A proposed US$30 billion gas export project in Australia’s remote west moved a step closer yesterday when environmental regulators gave it the go-ahead subject to strict conditions.
The Browse liquefied natural gas (LNG) project, operated by Woodside Petroleum in partnership with BHP Billiton, BP, Chevron and Shell, is expected to produce up to 50 million tonnes of LNG a year — more than twice Australia’s current total exports.
The Western Australian Environmental Protection Authority (EPA) approved it as long as it meets 29 conditions which includes measures to protect whales, dolphins and turtles off the coast.
It also recommended that the development, which still needs approval from the Western Australian and national governments before it can proceed, should not interfere with fossilised dinosaur footprints in the area.
“The level of complexity in assessing this proposal was unprecedented,” EPA chairman Paul Vogel said in a statement, adding that it was the most detailed in the authority’s 40-year history.

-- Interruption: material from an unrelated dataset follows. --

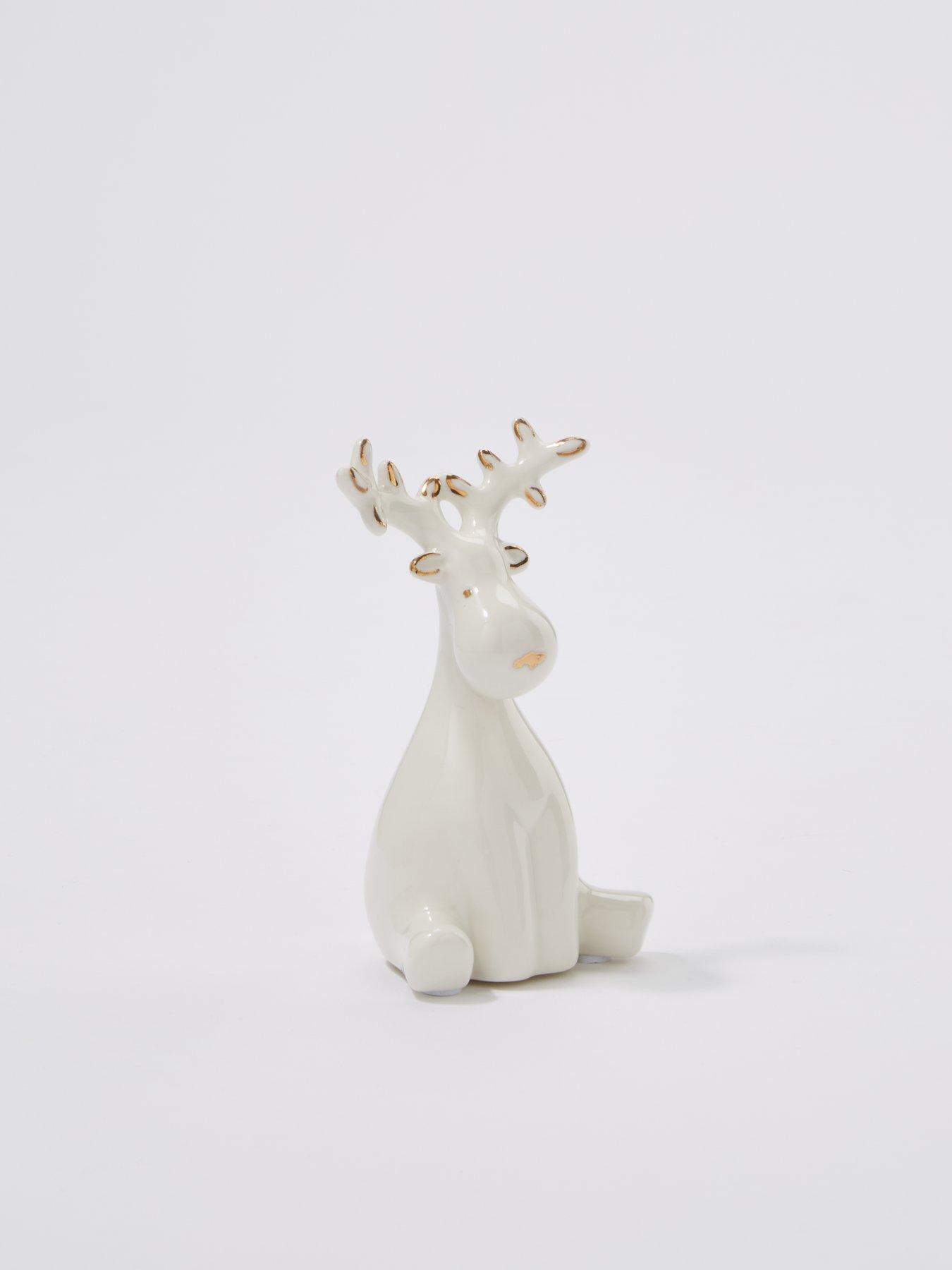  image of very-home-set-2-ceramic-deer-ornament-christmas-decorations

“The assessment has been incredibly thorough. After carefully considering each environmental factor, I have recommended a rigorous set of 29 conditions and offsets to ensure the EPA’s environmental objectives are met,” he said.

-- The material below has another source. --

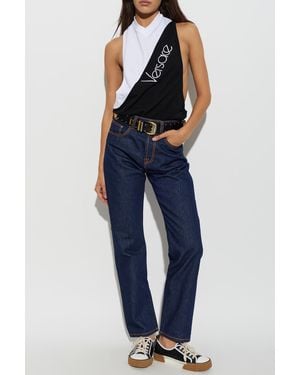 Versace Top With Embroidered Logo - Blue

Browse is among around a dozen gas export terminals planned in Australia, which stands to eclipse Qatar as the world’s largest exporter of LNG by the end of the decade, driven by global demand for cleaner energy sources.
Australia currently exports about 20 million tonnes of gas per annum, primarily to countries within Asia and the government has forecast total national capacity is set to quadruple in the years ahead to more than 80 million tonnes.
Woodside has said Browse, which comprises three offshore deep-water gas and condensate fields 425km north of Broome, will contribute more than A$50 billion (US$51.16 billion) to the Australian economy.